■ What is required: Reproduce verbatim every line from the one that includes "Traditional Chinese Classical" to the closing line of the entries; omit everything before it.

■ Data provided:
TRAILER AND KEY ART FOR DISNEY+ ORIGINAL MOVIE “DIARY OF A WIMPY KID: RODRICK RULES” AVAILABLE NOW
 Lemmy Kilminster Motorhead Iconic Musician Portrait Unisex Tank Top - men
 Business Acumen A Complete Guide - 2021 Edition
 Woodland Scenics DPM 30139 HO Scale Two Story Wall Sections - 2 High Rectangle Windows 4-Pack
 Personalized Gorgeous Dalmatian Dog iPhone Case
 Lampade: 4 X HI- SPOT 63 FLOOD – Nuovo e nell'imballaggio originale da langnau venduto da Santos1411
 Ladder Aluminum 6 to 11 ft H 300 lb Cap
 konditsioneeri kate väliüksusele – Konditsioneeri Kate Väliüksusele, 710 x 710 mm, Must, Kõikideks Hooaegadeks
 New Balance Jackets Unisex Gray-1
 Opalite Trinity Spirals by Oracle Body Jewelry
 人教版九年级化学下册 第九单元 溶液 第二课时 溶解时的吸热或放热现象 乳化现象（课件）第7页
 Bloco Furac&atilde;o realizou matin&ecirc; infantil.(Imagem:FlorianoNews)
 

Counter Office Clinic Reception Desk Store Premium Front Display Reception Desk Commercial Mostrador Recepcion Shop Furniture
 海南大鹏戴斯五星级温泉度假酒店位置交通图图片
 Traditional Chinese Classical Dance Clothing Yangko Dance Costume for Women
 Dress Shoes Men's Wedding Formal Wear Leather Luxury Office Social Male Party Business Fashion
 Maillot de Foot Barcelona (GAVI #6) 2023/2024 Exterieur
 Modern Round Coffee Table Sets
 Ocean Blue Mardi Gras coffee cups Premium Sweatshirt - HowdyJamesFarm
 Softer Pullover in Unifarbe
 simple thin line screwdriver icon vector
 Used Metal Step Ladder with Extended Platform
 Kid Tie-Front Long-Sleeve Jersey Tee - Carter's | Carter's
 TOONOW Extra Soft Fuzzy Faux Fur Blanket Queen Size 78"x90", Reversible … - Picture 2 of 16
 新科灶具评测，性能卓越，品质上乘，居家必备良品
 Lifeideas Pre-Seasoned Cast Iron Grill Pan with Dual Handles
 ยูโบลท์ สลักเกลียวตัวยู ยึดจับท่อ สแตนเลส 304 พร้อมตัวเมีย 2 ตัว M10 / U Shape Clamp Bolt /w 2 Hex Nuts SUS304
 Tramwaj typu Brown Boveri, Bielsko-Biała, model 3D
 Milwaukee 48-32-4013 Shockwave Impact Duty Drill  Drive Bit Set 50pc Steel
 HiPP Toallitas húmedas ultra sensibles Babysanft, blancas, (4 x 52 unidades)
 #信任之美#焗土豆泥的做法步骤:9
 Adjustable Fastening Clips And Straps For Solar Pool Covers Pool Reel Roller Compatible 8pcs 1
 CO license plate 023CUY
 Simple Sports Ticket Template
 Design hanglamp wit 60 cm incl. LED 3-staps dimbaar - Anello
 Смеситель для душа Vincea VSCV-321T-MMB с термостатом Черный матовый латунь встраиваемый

■ Written reply:
 Traditional Chinese Classical Dance Clothing Yangko Dance Costume for Women
 Dress Shoes Men's Wedding Formal Wear Leather Luxury Office Social Male Party Business Fashion
 Maillot de Foot Barcelona (GAVI #6) 2023/2024 Exterieur
 Modern Round Coffee Table Sets
 Ocean Blue Mardi Gras coffee cups Premium Sweatshirt - HowdyJamesFarm
 Softer Pullover in Unifarbe
 simple thin line screwdriver icon vector
 Used Metal Step Ladder with Extended Platform
 Kid Tie-Front Long-Sleeve Jersey Tee - Carter's | Carter's
 TOONOW Extra Soft Fuzzy Faux Fur Blanket Queen Size 78"x90", Reversible … - Picture 2 of 16
 新科灶具评测，性能卓越，品质上乘，居家必备良品
 Lifeideas Pre-Seasoned Cast Iron Grill Pan with Dual Handles
 ยูโบลท์ สลักเกลียวตัวยู ยึดจับท่อ สแตนเลส 304 พร้อมตัวเมีย 2 ตัว M10 / U Shape Clamp Bolt /w 2 Hex Nuts SUS304
 Tramwaj typu Brown Boveri, Bielsko-Biała, model 3D
 Milwaukee 48-32-4013 Shockwave Impact Duty Drill  Drive Bit Set 50pc Steel
 HiPP Toallitas húmedas ultra sensibles Babysanft, blancas, (4 x 52 unidades)
 #信任之美#焗土豆泥的做法步骤:9
 Adjustable Fastening Clips And Straps For Solar Pool Covers Pool Reel Roller Compatible 8pcs 1
 CO license plate 023CUY
 Simple Sports Ticket Template
 Design hanglamp wit 60 cm incl. LED 3-staps dimbaar - Anello
 Смеситель для душа Vincea VSCV-321T-MMB с термостатом Черный матовый латунь встраиваемый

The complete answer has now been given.